Activity:
Exactly retype the lines of the material from its first line to the line with "Bohemia Jihlava 1845", including both.

^^^^

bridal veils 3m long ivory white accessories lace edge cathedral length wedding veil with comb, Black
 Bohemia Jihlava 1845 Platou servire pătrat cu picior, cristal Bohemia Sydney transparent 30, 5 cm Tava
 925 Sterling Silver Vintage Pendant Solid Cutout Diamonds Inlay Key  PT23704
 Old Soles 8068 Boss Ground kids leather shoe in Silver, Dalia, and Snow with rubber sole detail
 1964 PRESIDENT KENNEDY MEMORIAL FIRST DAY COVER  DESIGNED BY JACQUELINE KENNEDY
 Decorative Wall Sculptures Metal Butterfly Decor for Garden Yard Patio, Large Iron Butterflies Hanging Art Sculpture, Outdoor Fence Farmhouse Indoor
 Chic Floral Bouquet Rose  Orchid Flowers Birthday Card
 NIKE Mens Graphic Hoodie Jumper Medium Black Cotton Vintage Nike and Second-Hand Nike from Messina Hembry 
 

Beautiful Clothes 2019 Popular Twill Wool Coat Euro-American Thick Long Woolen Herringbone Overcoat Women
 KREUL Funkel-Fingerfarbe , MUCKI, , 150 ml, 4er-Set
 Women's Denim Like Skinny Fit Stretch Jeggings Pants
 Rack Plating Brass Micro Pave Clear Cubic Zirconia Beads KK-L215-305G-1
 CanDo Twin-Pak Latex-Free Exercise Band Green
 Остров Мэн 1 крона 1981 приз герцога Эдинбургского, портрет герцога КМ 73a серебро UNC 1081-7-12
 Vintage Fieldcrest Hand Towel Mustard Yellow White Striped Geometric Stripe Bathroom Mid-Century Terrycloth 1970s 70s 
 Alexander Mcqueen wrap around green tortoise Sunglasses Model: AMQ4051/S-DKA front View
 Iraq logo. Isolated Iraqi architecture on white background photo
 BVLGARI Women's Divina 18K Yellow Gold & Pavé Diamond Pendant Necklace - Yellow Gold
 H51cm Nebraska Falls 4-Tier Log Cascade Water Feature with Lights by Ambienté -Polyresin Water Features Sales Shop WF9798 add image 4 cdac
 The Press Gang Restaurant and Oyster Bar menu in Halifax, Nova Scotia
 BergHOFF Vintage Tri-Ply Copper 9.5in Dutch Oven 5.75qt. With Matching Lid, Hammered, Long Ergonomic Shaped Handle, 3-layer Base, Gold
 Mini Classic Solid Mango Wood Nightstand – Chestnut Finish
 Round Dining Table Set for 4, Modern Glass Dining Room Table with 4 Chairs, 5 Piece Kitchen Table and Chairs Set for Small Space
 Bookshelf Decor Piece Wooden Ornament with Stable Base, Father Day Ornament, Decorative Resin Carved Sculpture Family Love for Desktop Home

^^^^

Written solution:
bridal veils 3m long ivory white accessories lace edge cathedral length wedding veil with comb, Black
 Bohemia Jihlava 1845 Platou servire pătrat cu picior, cristal Bohemia Sydney transparent 30, 5 cm Tava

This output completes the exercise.